Question one will help in gauging the scale of a typical dataset that would go into determining the size of the training set and extract mathematical distributions for the various access events such as log in activity, app launch activities, common factors etc. It is always a best practice to get a healthy dataset and then analyze for distributions and other statistical tests such as the normality test etc.
Question two determines the importance and variance of the location, time, context, eventually resulting in determining the weight of geolocation in definition a user’s behavior. Below is a geo-distribution for an example dataset.
Question three determines the nature of the work that the users perform and how that can then be used to detect any anomalous behavior.
Question four establishes the role of device fingerprinting in defining users’ behavior, and based on enterprise policy, we can determine how basic/rich the levels of information we can gather for the various endpoints.
Question five guides the role of network fingerprinting in discovering & profiling users’ behavior and preferences, and will also help us in determining the sources we could go to in order to collect that information.
Questions six and seven will determine the role of gathering external threat intel from sources, which compute risk based on complementing factors such as application sessions and activities related to data access. For e.g. CASBs can give us richer visibility into applications sessions and risk associated with those.
After doing the due diligence of slicing and dicing, the result is a data frame with multiple instances. This can define all the key aspects potentially required to identify the behaviors of each member of the workforce accessing resources.
Now let’s look at how to go about getting these contexts and from which potential sources.
From the Right Sources
Identifying the right sources for these contexts is key since that will determine such things as:
- The attributes associated with the contexts and how coarse and fine-grain they are.
- The frequency at which you are able to collect this data.
- Scale and performance of the collection system would depend on whether you are generating this data without having any external/3rd-party dependency or integrating with an external system (such as a partner or a syslog server, for e.g.).
The figure below captures some of the potential sources that a UBA based AM solution may get relevant data to be able to extract some of the contexts mentioned above.
Cleaning the Data:
This is by far the most crucial step in the entire data processing workflow and will decide the reliability and efficiency of the model. This is a multi-step process which requires you to become completely familiar with your data and know such things as:
- The type of variables (Continuous, Categorical). Check out this article for more information.

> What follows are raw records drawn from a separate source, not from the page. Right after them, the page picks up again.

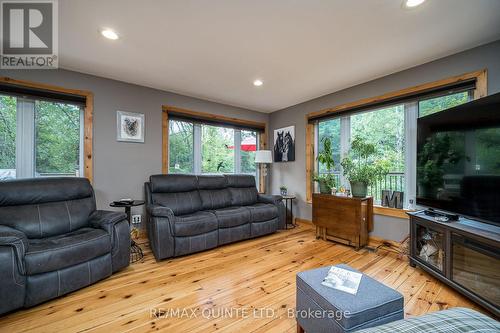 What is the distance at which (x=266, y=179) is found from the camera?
5.13 m

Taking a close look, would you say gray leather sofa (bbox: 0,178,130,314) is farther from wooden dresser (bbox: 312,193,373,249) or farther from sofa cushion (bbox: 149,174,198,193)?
wooden dresser (bbox: 312,193,373,249)

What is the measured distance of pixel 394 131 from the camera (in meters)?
3.10

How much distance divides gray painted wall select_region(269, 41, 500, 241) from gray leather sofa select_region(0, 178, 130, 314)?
10.4 ft

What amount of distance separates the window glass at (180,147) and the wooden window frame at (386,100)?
89.7 inches

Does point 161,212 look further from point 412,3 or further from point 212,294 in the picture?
point 412,3

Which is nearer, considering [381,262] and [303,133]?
[381,262]

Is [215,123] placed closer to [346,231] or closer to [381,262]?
[346,231]

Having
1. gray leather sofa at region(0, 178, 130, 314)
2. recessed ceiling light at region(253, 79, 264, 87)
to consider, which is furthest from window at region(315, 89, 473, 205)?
gray leather sofa at region(0, 178, 130, 314)

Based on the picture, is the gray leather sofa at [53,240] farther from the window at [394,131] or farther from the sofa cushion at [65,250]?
the window at [394,131]

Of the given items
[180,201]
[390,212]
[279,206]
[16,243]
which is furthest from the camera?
[279,206]

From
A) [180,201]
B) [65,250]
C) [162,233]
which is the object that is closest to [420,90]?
[180,201]

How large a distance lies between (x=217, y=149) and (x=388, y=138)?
2977 millimetres

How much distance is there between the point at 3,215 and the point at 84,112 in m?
1.58

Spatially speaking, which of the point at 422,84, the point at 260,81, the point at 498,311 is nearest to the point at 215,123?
the point at 260,81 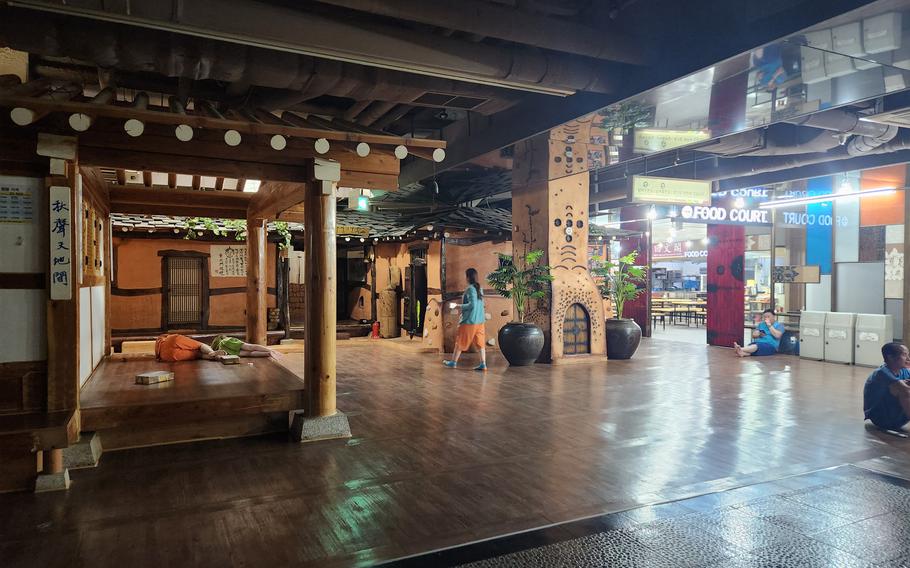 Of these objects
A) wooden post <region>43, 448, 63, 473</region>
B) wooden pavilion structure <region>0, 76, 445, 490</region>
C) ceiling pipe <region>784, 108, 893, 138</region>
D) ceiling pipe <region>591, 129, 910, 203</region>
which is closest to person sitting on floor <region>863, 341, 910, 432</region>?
ceiling pipe <region>784, 108, 893, 138</region>

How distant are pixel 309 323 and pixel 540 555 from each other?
11.0 feet

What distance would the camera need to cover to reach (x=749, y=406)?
273 inches

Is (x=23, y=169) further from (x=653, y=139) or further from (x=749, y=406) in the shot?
(x=749, y=406)

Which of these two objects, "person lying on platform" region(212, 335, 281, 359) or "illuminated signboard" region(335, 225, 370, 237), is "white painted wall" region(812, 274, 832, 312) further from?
"person lying on platform" region(212, 335, 281, 359)

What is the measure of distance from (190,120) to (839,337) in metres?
11.2

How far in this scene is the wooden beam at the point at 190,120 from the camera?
13.9 feet

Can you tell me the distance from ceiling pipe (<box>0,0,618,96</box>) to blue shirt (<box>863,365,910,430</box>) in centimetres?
401

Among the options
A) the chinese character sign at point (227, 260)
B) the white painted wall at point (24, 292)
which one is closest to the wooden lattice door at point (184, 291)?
the chinese character sign at point (227, 260)

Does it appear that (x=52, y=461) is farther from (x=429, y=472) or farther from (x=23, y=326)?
(x=429, y=472)

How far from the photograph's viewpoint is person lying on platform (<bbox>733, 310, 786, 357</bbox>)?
1161 cm

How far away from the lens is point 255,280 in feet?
30.2

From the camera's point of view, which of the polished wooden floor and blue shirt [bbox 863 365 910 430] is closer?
the polished wooden floor

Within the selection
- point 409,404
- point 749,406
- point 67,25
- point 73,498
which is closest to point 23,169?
point 67,25

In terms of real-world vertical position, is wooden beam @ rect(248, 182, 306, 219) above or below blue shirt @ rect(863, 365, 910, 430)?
above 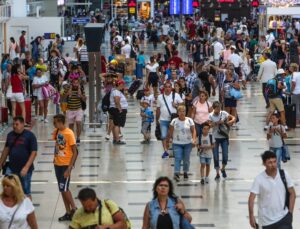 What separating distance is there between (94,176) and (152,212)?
7.84 meters

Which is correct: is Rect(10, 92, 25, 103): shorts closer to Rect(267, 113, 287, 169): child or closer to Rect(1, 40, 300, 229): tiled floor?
Rect(1, 40, 300, 229): tiled floor

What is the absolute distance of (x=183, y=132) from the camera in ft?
57.4

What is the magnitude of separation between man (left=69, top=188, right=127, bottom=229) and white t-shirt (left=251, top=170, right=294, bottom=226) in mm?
1801

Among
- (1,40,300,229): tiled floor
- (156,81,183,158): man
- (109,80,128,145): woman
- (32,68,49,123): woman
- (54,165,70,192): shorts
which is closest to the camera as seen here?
(54,165,70,192): shorts

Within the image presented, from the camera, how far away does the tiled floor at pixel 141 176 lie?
15.3 metres

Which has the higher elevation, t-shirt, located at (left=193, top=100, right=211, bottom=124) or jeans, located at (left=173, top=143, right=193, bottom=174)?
t-shirt, located at (left=193, top=100, right=211, bottom=124)

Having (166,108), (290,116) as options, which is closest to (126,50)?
(290,116)

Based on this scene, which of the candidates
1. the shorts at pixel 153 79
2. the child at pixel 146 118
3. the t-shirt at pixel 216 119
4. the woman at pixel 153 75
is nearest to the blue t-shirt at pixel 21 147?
the t-shirt at pixel 216 119

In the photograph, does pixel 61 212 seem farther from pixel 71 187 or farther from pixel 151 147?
pixel 151 147

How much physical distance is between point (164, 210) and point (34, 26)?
3374 cm

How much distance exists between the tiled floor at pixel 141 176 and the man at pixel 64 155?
1.34 feet

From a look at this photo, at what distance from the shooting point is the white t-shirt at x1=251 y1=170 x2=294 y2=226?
1134 cm

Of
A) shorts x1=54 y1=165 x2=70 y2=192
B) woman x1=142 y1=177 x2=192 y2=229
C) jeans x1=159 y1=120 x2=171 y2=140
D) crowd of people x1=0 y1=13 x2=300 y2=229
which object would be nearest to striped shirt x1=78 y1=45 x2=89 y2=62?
crowd of people x1=0 y1=13 x2=300 y2=229

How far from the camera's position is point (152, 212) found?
10547mm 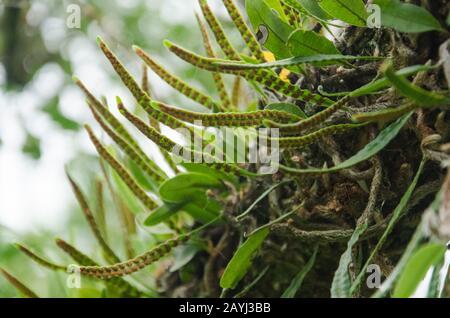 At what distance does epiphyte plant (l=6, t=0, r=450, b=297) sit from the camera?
54cm

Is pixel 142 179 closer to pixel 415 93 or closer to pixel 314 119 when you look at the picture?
pixel 314 119

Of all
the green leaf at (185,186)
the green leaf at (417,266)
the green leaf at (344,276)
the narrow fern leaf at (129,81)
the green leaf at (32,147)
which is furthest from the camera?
the green leaf at (32,147)

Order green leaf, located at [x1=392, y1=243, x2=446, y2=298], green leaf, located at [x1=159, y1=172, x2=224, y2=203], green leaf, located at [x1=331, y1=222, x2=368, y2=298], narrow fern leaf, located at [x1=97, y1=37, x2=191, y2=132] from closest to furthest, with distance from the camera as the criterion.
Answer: green leaf, located at [x1=392, y1=243, x2=446, y2=298]
green leaf, located at [x1=331, y1=222, x2=368, y2=298]
narrow fern leaf, located at [x1=97, y1=37, x2=191, y2=132]
green leaf, located at [x1=159, y1=172, x2=224, y2=203]

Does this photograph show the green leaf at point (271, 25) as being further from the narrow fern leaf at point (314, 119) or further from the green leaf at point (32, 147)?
the green leaf at point (32, 147)

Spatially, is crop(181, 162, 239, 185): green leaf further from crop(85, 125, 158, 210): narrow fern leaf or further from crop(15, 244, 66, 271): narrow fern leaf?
crop(15, 244, 66, 271): narrow fern leaf

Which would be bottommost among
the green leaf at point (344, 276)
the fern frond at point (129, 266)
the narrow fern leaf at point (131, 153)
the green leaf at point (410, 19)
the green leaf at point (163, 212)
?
the fern frond at point (129, 266)

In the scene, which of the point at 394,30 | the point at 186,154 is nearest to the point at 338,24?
the point at 394,30

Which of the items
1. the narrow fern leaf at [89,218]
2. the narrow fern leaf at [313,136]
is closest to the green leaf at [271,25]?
the narrow fern leaf at [313,136]

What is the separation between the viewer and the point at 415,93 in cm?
47

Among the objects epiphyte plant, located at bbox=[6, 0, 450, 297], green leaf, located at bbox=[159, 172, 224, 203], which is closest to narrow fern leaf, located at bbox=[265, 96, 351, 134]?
epiphyte plant, located at bbox=[6, 0, 450, 297]

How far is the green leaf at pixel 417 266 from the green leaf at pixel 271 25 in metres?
0.28

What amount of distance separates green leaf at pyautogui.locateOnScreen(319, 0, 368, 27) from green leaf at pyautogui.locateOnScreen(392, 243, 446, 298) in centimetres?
24

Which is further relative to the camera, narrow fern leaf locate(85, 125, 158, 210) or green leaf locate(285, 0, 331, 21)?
narrow fern leaf locate(85, 125, 158, 210)

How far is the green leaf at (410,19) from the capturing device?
0.51 metres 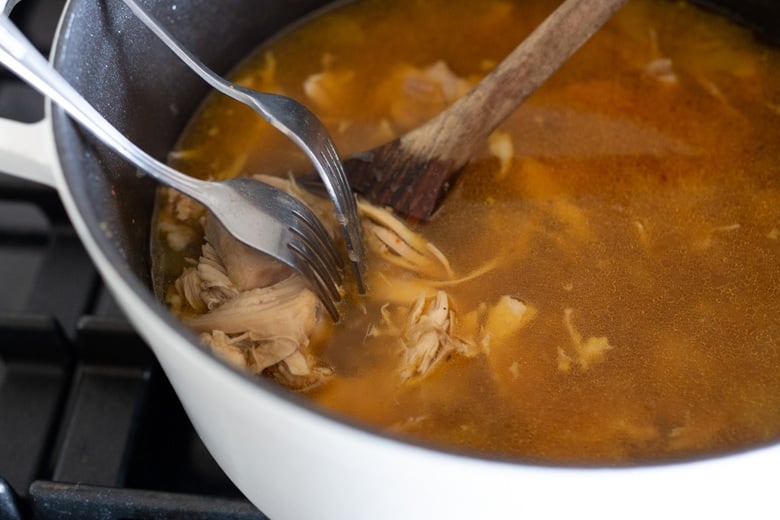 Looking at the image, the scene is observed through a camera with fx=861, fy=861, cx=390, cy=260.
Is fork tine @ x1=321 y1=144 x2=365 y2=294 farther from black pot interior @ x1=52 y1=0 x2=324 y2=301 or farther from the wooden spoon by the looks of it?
black pot interior @ x1=52 y1=0 x2=324 y2=301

- If Categorical, then you would have to encode it with one of the many techniques out there. This is a very critical step in data processing and careful considerations must be given to the various pros and cons that accompany the various encoding techniques. Check out this article to whet your appetite on this topic.
Below is an illustration of a subset of data that Idaptive collects, which requires encoding.
As you can see, what started as a seemingly simple looking high-level architecture, very quickly became a bit more complex as we kept adding more dimensions to the problem at hand. Now we can start talking about reducing all the complexities introduced by all the dimensions. In Data Science parlance, that’s called dimensionality reduction and is one of the most artistic and scientific steps, all at once. We’ll look into that in the next blog of this series, in which we’ll have fun with feature selection, dimensionality reduction leveraging such techniques as Principal Component Analysis (PCA).